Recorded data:
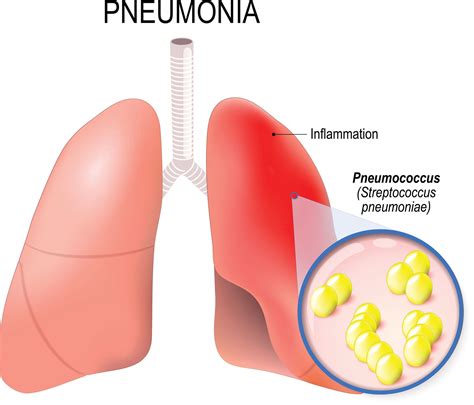 Atypical Pneumonia Rash
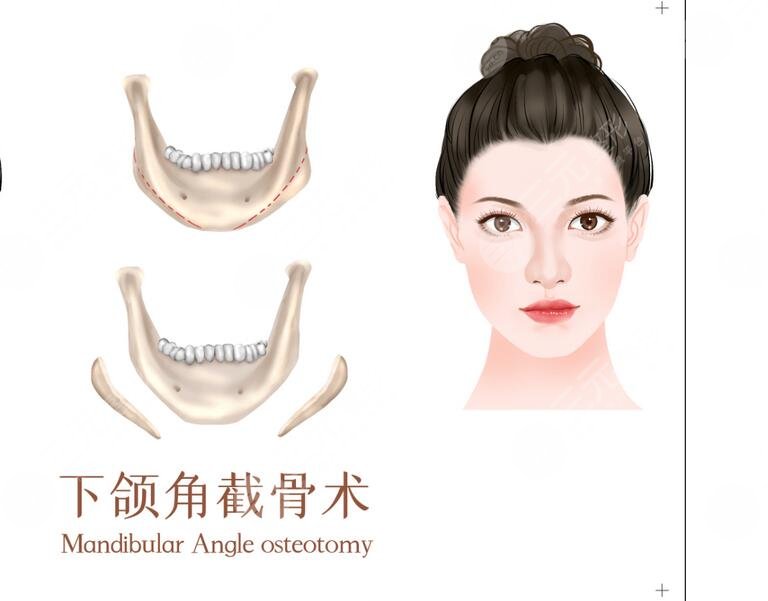 上海第九人民醫(yī)院整復(fù)外科專家醫(yī)生名單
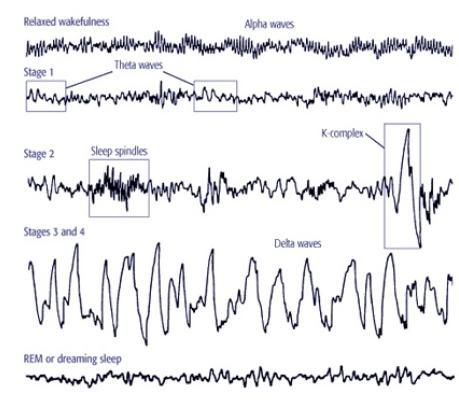 Figure 4-5: EEG during wakefulness and different stages of sleep [https://www.slideshare.net/anshukg/sleep-53787522]. Spikes and sharp waves (SSWs).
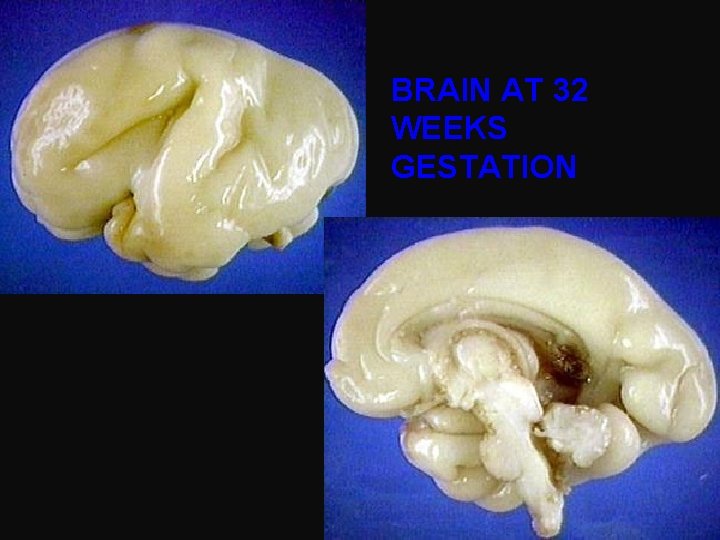 BRAIN AT 32 WEEKS GESTATION 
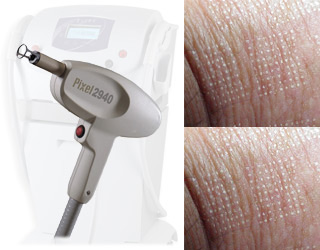 PIXEL – REMOVAL OF SCARS, STRETCH MARKS, DISCOLORATIONS AND WRINKLES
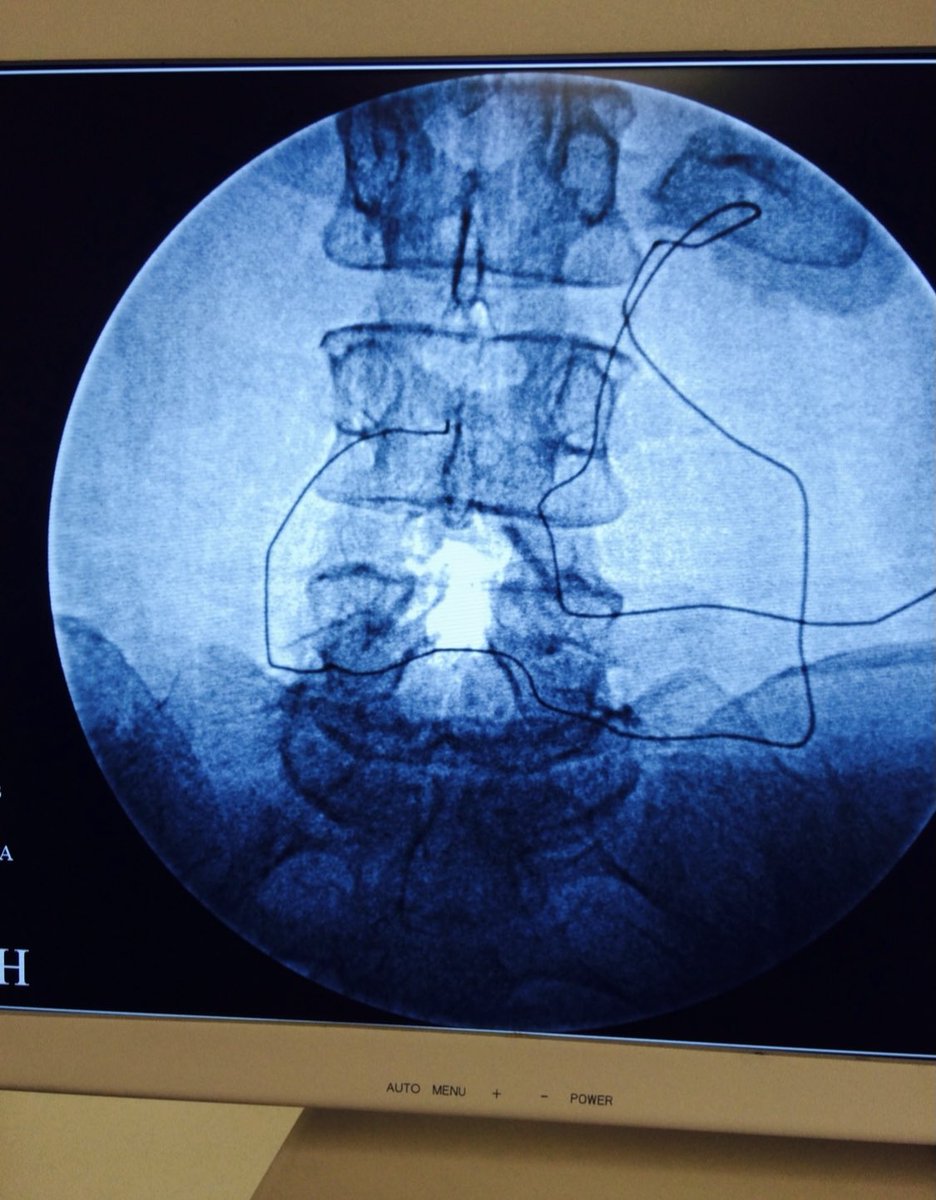tariqtramboo's tweet image. You do not get innovation for free – you have to allocate time, money and people.
Worlds first complete Laminectomy (spine surgery) done on a cadaver with a zero incision, through epidural space in 10min with a technique discovered by Me & team #SpineLoop.
#Spine
#innovation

What to work on :: Every record must be set down again exactly; pictures do not belong in the copy.

Result of the exercise ::
 Atypical Pneumonia Rash
 上海第九人民醫(yī)院整復(fù)外科專家醫(yī)生名單
 Figure 4-5: EEG during wakefulness and different stages of sleep [https://www.slideshare.net/anshukg/sleep-53787522]. Spikes and sharp waves (SSWs).
 BRAIN AT 32 WEEKS GESTATION 
 PIXEL – REMOVAL OF SCARS, STRETCH MARKS, DISCOLORATIONS AND WRINKLES
tariqtramboo's tweet image. You do not get innovation for free – you have to allocate time, money and people.
Worlds first complete Laminectomy (spine surgery) done on a cadaver with a zero incision, through epidural space in 10min with a technique discovered by Me & team #SpineLoop.
#Spine
#innovation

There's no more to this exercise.